Ridgid R4512 table saw
Hand held and table mounted routers
Compound miter saw.

I recently added Freud blades to the saws. 60 tooth to the R4512, 40 tooth to the miter saw.

Any and all suggestions on making this combination effective will be gratefully appreciated.


----------



## rrbrown (Feb 15, 2009)

I don't think the CFM is going to matter as much with the shopvac. They move air at faster velocity but less volume then a DC. That dust deputy should work with any of the larger shopvacs. I have the Rigid brand and am very happy with it. 

Using the setup your talking about will work fine but will need emptying more often. 

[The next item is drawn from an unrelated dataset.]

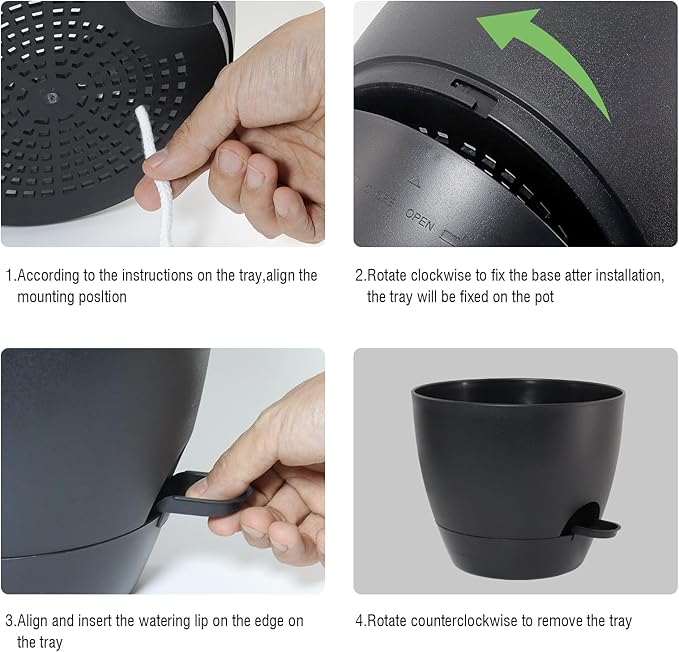 Large Self Watering Pots, 12/10/9 Plastic Planters - Image 4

Someone else may have a different opinion or experience with that setup.


----------



## 65BAJA (May 27, 2012)

I have a 5 gallon plastic dust deputy and a 16 gallon Ridgid shop vac. It works pretty good but I have to empty the deputy too often for my liking. I wish the deputy bucket was at least a 10 gallon. Also it needs to be emptied when the busket get to about 3/4 full or the vac starts to pull more into it's own filter. I might end up screwing the two 5 gallon deputy buckets together and sealing them up in the middle. Might get up to 9 ish gallons that way.


----------



## ryan50hrl (Jun 30, 2012)

I ran a very similar setup with the biggest vac sears sells for a few months, my problem was that air flow was insufficient to clear the bottom of my table saw, it was filled in no time. Hooked my new dust collector up to it and it was empty under the saw in about 3 seconds.


----------



## Dave Paine (May 30, 2012)

A shop vac is relatively low flow, but high head (amount of suction developed - the head of a column of water).

A dust collector is high flow but low head.

I would rate the shop vacs by the maximum head developed - if you can find the statistics.

Any time you run the shop vac, the hose and the space for the air to flow in the tool cause pressure drop which consumes some of the head. The more pressure drop consumed, the lower the effective flow of air.

I wish the shop vac manufacturers would publish the "head curve" which shows the drop-off of airflow with pressure drop. This can also be hard to find for dust collectors.

If we were able to compare head curves, we could make a better determination of the performance of a vac in real world situation.

Any CFM rating you find is practically useless, since it is likely measured at the shop vac canister without even the hose being attached.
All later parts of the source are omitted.